E' quanto sottolinea oggi in un editoriale pubblicato in prima pagina su L'Unita' la segretaria generale della Cisl, Annamaria Furlan.

"Nonostante tante battaglie civili e sindacali, la maternità viene vista ancora come un ostacolo all'ingresso ed alla progressione di carriera.

Non e' un caso se in fatto di natalità il nostro Paese e' tra gli ultimi posti in Europa: nel 2015 sono nati soltanto 488 mila bambini, 15 mila in meno rispetto al 2014.

Una donna su 3 lascia il lavoro dopo la nascita del primo figlio. Sono ancora poche le madri con un bambino che lavorano rispetto al resto dell'Europa (57,8 per cento contro 63,4 per cento) e, soprattutto, se paragonate agli uomini (86 per cento).

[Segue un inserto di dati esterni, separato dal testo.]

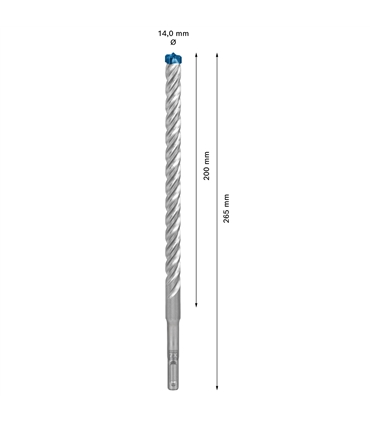 Broca EXPERT SDS plus-7X - 14x200mm - BOSCH #1 - BCH6077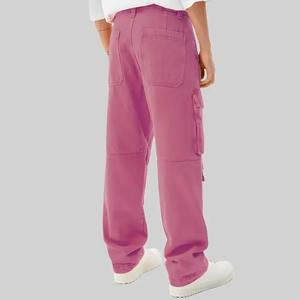 Pantalones Cargo informales para hombre, pantalones de lona personalizados al por mayor para trabajo al aire libre con bolsillos laterales grandes - Product Image 2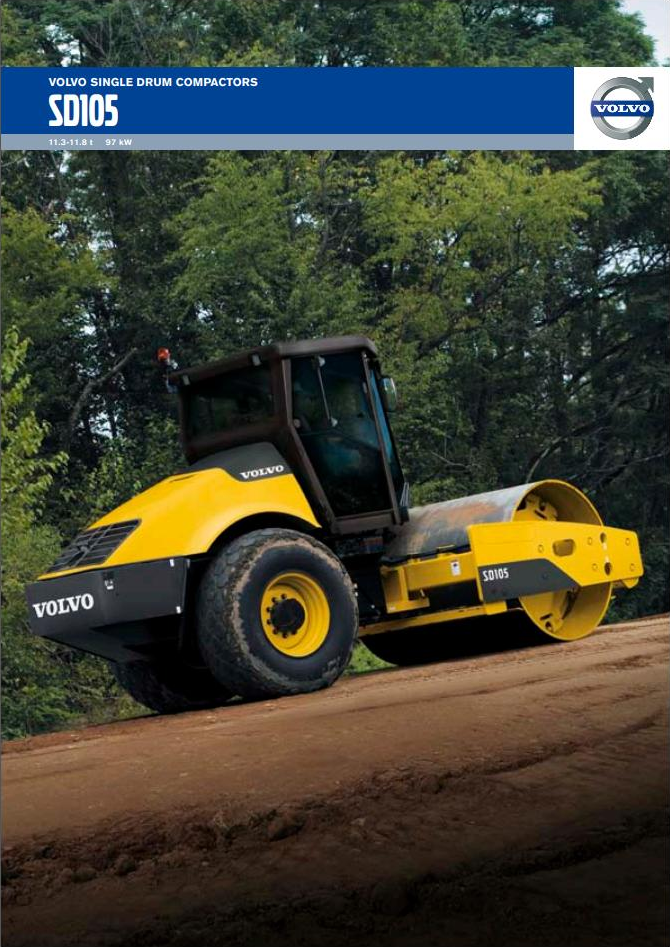 Volvo Single Drum Compactors SD105 Service and Repair Manual PDF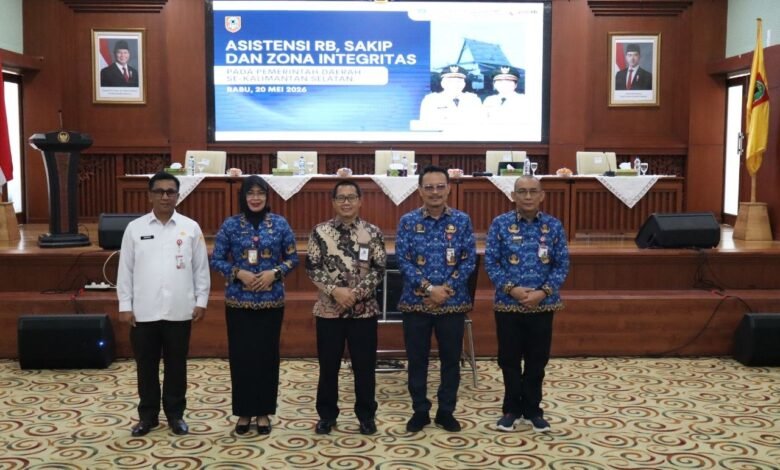Kalsel Perkuat Kolaborasi Daerah melalui Asistensi Reformasi Birokrasi dan Zona Integritas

Quando poi i bambini crescono i numeri crollano al 35,5 per cento (la media Ue è del 45,6 per cento). In molti casi la rinuncia alla maternità va collegata direttamente anche all'inadeguatezza di servizi a sostegno della genitorialità. In Italia solo il 18% dei bambini trova posto negli asili nido pubblici, mancano politiche finalizzate alla conciliazione tra tempi di vita e tempi di lavoro.

Le regioni del nord mostrano in generale condizioni più favorevoli alla maternità, mentre il Mezzogiorno non offre quei servizi sociali indispensabili per garantire le giuste tutele alle donne lavoratrici, come avviene in altri paesi europei che sono molto più avanti di noi nella conciliazione tra casa, famiglia e vita professionale".


Per la leader Cisl "la strada verso la parità dei sessi in campo lavorativo è , dunque, ancora molto lunga da percorrere anche se sempre più donne si trovano a ricoprire ruoli una volta appannaggio del solo sesso maschile. Dobbiamo fare di più con la contrattazione, nazionale, aziendale e nei territori, ponendo le condizioni per una valorizzazione ed una specificità del lavoro femminile.

Anche le norme attuali sulle pensioni vanno cambiate urgentemente perche' costituiscono una grave penalizzazione per le donne, che in moltissime attivita' non possono rimanere al lavoro fino a 65-67 anni ed occuparsi anche della propria famiglia.

Occorre unire politiche del lavoro, di sostegno familiare e di conciliazione tra cura della famiglia e lavoro".